Like Spurrier, Saban enjoyed very little success during his dalliance with the NFL, bolting Miami after a two-year experiment yielded a forgettable 15-17 record. And even Saban’s crowning achievement, a Bowl Championship Series title at LSU in 2003 (13-1), deserves a monstrous asterisk. LSU’s championship season didn’t include a date with Southern Cal, which pummeled Michigan in the Rose Bowl in 2003 to earn a landslide share of the crown among Associated Press voters.
These are some of the reasons questions were raised when Alabama made Saban college football’s richest sideline sultan. But among many insiders, the ultimate question mark concerning Saban was how his brusque personality would jibe with an Alabama booster core with extremely Southern sensibilities.
In some respects, Saban is a difficult guy to like. He’s the anti-Bobby Bowden, an irascible, micromanaging perfectionist who has no patience for the gentile, if admittedly inane, customs of Southern courtesy.
When Saban was with the Dolphins, he notoriously sent out a memo banning secretarial staff from engaging him in small talk after a receptionist complimented him on a new haircut.
He has a clause in his contract with Alabama that specifically limits his mandated public appearances.

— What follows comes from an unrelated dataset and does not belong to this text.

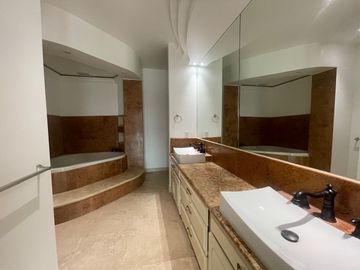 VENTA DE CASA EN REAL MEDITERRANEO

Asked by Sporting News columnist Tom Dienhart whether he felt people were afraid of him, Saban replied in the August Q&A: “I do sense it, and I don’t like it. I have no idea why they’re afraid of me. I think a lot of it is the image that has been created publicly.”
Yet the media didn’t invent its version of Saban. He’s the guy who made a public relations hash of his awkward departure from the Dolphins to take the Alabama job. Few folks faulted him for playing the game and denying that he was interested in the Alabama job, but it’s the way he went about his denials that caused the furor. Saban was incredibly adversarial when asked about the Alabama job, stating he was “insulted” by the questions about the job he would later smilingly accept.

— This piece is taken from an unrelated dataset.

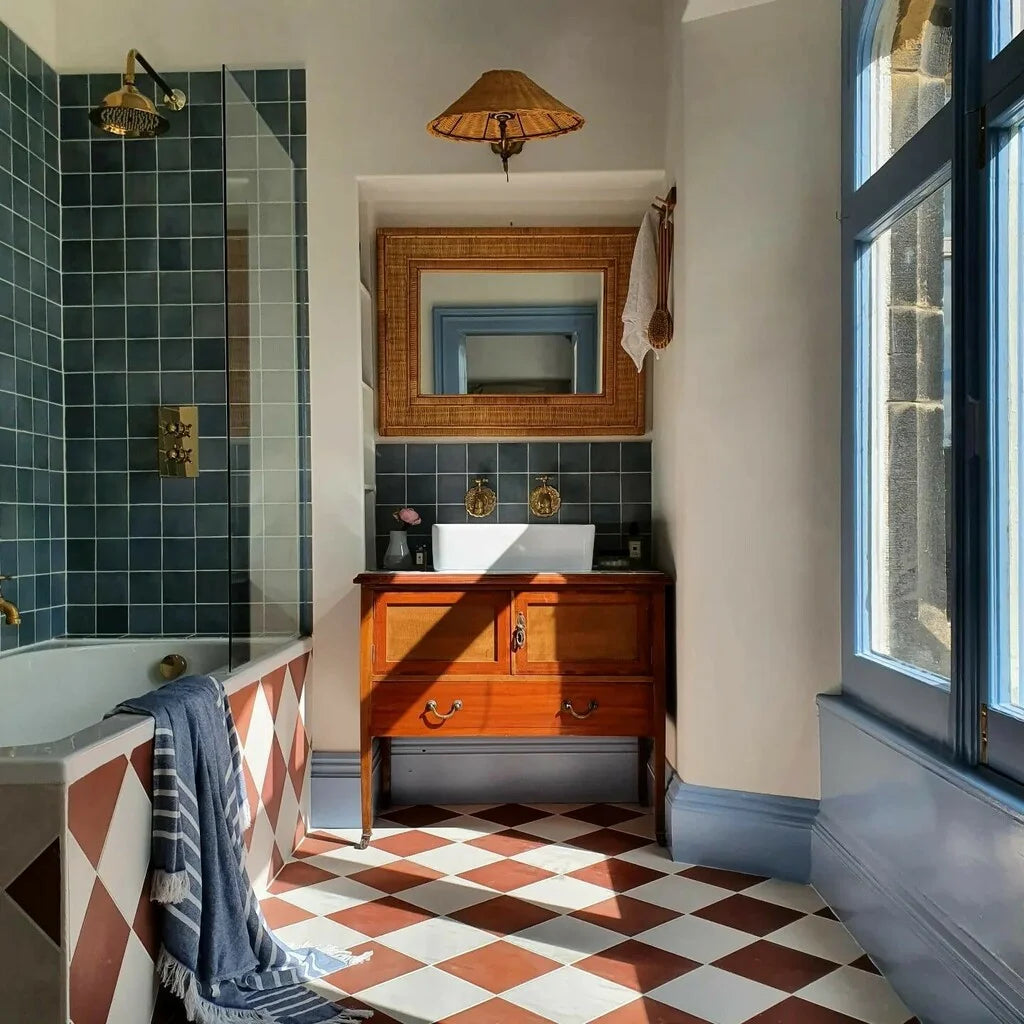 ARCHIVE COLLECTION: CLUNCH NO. 2009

And he’s already making enemies among the Alabama press. Saban, who personally authorizes all player interview requests, won’t allow assistant coaches to speak to the media and closed Alabama practices, and erupted on members of the team media last month for asking players about the team’s depth chart using some strange language.

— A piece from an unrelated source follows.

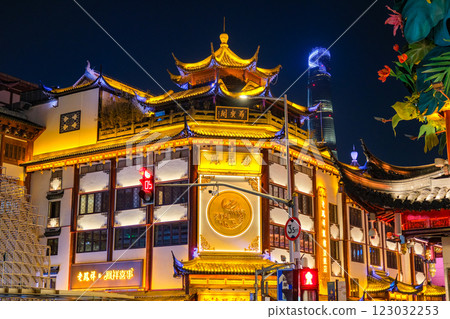 Illuminated Yuyuan Shopping Mall in Shanghai, China Illuminated Yuyuan Shopping Mall in Shanghai, China 123032253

Said Saban: “If they make comments about the depth chart, you’re just putting them in harm’s way, because we don’t have a depth chart. And our players are not supposed to evaluate our players.”
All coaches are extremely intense and wrapped a little tight; it comes with the high-stress nature of the profession. But the bottom line is if Saban doesn’t win, win big and win immediately, his brusque attitude toward the media and those around him is going to wear very thin, very quickly.
Is it a coincidence he has never stayed at any school for more than five seasons? For Saban’s sake, that winning better continue today against Arkansas in a game in which Alabama is favored by three points. Because Saban’s honeymoon in Tuscaloosa is likely to end the minute the $32 million coach piles up a couple of unanticipated losses.
Florida State’s Bowden once told this reporter, “My momma told me a long time ago that you’ll go a lot farther with a smile and quip than a curse and a whip.”
That mentality has resulted in a 41-year career in which Bowden has won 367 games.
The jury is assembling in Tuscaloosa to begin witnessing the case for Saban’s style.